PyTorch Visualization for Comparison

Prerequisites

Procedure

  1. Create a configuration file for comparison.
    For example, create a compare.json configuration file in the directory where the training script is located and copy the following content to the file:
    1
    2
    3
    4
    5
    {
    "npu_path": "./dump_data_npu",
    "bench_path": "./dump_data_gpu",
    "is_print_compare_log": true
    }
    

    The paths specified by npu_path and bench_path must be in the same environment.

  2. Perform graph building for comparison.
    msprobe -f pytorch graph -i ./compare.json -o ./output

    After the comparison is complete, a .vis file is generated in ./output.

  3. Start TensorBoard.
    tensorboard --logdir ./output --bind_all

    The path specified by --logdir is the ./output path in 2.
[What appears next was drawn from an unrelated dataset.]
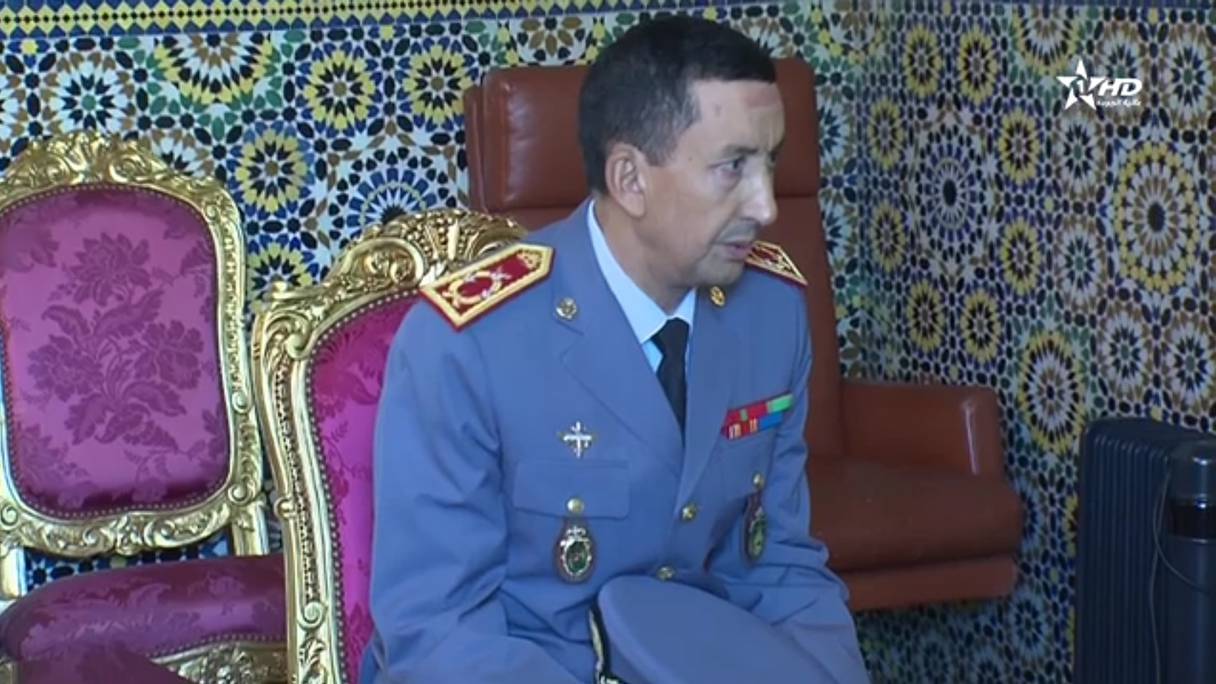 Mohammed Berrid, nouvel Inspecteur général des FAR et commandant la zone Sud.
    After the preceding command is executed, the following log is displayed:

    1
    TensorBoard 2.19.0 at http://ubuntu:6008/ (Press CTRL+C to quit)
    

    Open a browser on Windows and navigate to http://ubuntu:6008/. Replace ubuntu with the server's IP address, for example, http://192.168.1.10:6008/.

    If the access is successful, the TensorBoard page is displayed, as shown in the figure below.

    Figure 1 PyTorch Visualization for comparison

    In this example, level is set to L1 during data dumping. As a result, no model structure data is collected, and no data is available when performing PyTorch Visualization. The data shown in the preceding figure was collected when level was not set to L1.